I'm an AI Engineer working at the intersection of LLM inference systems, distributed backends, and cloud-native infrastructure. I focus on taking models from research to production -- building the serving layers, orchestration pipelines, and GPU infrastructure that make LLM systems work at scale.

Currently working on:

  • Low-latency, fault-tolerant backends for LLM and GenAI workloads
  • LLM serving infrastructure -- vLLM, TensorRT-LLM, KV cache optimization
  • GPU workload orchestration on Kubernetes with autoscaling and workload-aware scheduling
  • Agentic AI backends with multi-agent orchestration, tool use, and planning
  • MCP (Model Context Protocol) servers and integrations for tool-augmented LLMs
  • Observability for AI systems -- latency, drift, GPU utilization

Core Competencies — Systems, LLMs, Infrastructure

Distributed Systems & Backend

  • System Design -- microservices, event-driven architecture, CQRS, domain-driven design
  • Scalability -- horizontal sharding, consistent hashing, load balancing, distributed caching (Redis, Memcached)
  • Performance -- gRPC and protobuf for low-latency communication, async I/O, connection pooling, concurrency patterns
  • Resilience -- circuit breakers, bulkhead isolation, rate limiting, exponential backoff, graceful degradation
  • Observability -- distributed tracing (OpenTelemetry, Jaeger), metrics (Prometheus, Grafana), structured logging

LLMs & GenAI

  • RAG Systems -- hybrid retrieval (dense + sparse), cross-encoder reranking, query decomposition, evaluation with RAGAS
  • Fine-tuning -- LoRA, QLoRA, RLHF, DPO, dataset curation, evaluation pipelines, experiment tracking (MLflow, W&B)
  • LLM Agents -- multi-agent orchestration, ReAct and plan-and-execute patterns, tool use, sandboxed code execution
  • MCP -- Model Context Protocol server development, tool registries, context injection, integration with Claude and GPT
  • Inference Optimization -- vLLM, TGI, TensorRT-LLM, KV cache tuning, continuous batching, speculative decoding, quantization (GPTQ, AWQ)
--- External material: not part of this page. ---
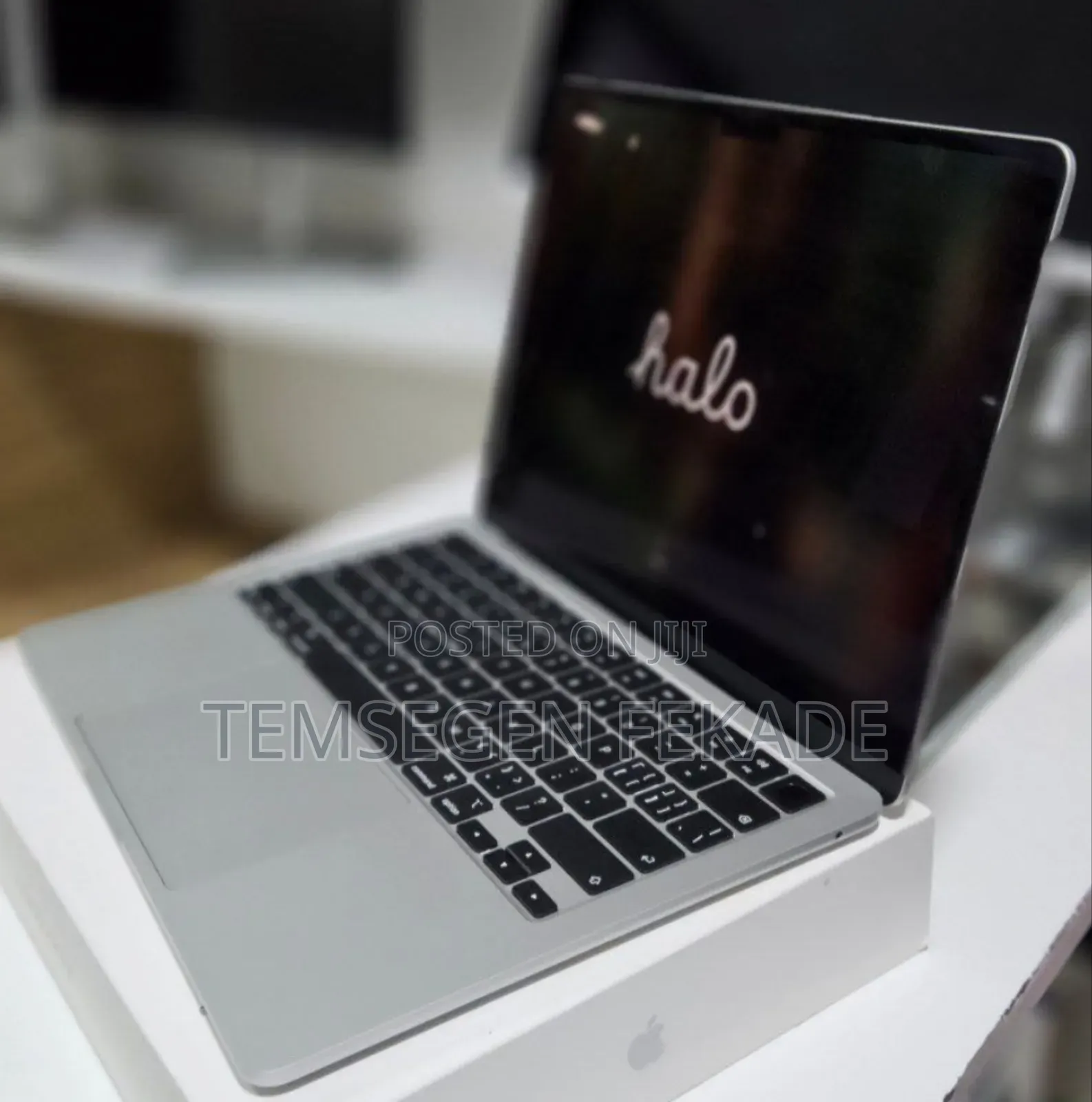 New Apple MacBook Air 2025 M4 13-inch 16GB Apple M4 Pro SSD 256GB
Technical Stack — Languages, Frameworks, Infrastructure

AI / ML

  • Languages: Python (primary), some C++ for performance-critical paths
  • Frameworks: PyTorch, Transformers, LlamaIndex, LangChain, LangGraph
  • Agents: MCP servers, CrewAI, AutoGen, Claude Agent SDK, PydanticAI
  • Inference: vLLM (PagedAttention), TGI, ONNX Runtime, Triton Inference Server, TensorRT-LLM
  • Training: PEFT (LoRA/QLoRA), DeepSpeed ZeRO, bitsandbytes quantization, Unsloth
  • Evaluation: RAGAS, LangSmith, custom eval harnesses

Backend & Distributed Systems

  • Languages: Go (high-throughput services), Python (FastAPI, async services)
  • Messaging: Apache Kafka (event streaming), Redis Streams, RabbitMQ
  • Protocols: gRPC with protobuf, REST/OpenAPI, WebSockets for real-time
  • Patterns: Microservices, event-driven, CQRS, saga pattern for distributed transactions
  • Observability: OpenTelemetry (traces + metrics), Prometheus, Grafana, Jaeger, structured JSON logging

Cloud & Infrastructure

  • Orchestration: Kubernetes (EKS, GKE), Helm charts, Kustomize
  • IaC: Terraform for multi-cloud provisioning, Pulumi
  • Cloud: AWS (primary -- EC2, EKS, S3, SageMaker), GCP (GKE, Vertex AI)
  • Model Serving: KServe, Ray Serve, vLLM Operator, Triton
  • GPU Ops: NVIDIA GPU Operator, DCGM exporter, MIG partitioning, node affinity for GPU types (T4, A10G, A100)
  • GitOps: ArgoCD for continuous deployment, GitHub Actions for CI

Data & Storage

  • Vector DBs: Weaviate (primary), Qdrant, Pinecone, pgvector -- used for RAG, semantic search, similarity retrieval
  • Databases: PostgreSQL (OLTP), MongoDB (document store), Redis (caching + session store)
  • Processing: Kafka Streams for real-time ETL, Apache Airflow for batch orchestration
  • Search: Elasticsearch for hybrid retrieval (BM25 + dense vectors)

Featured Projects
Enterprise RAG System — Production-grade retrieval-augmented generation platform

Production RAG platform designed for accuracy and cost efficiency at scale.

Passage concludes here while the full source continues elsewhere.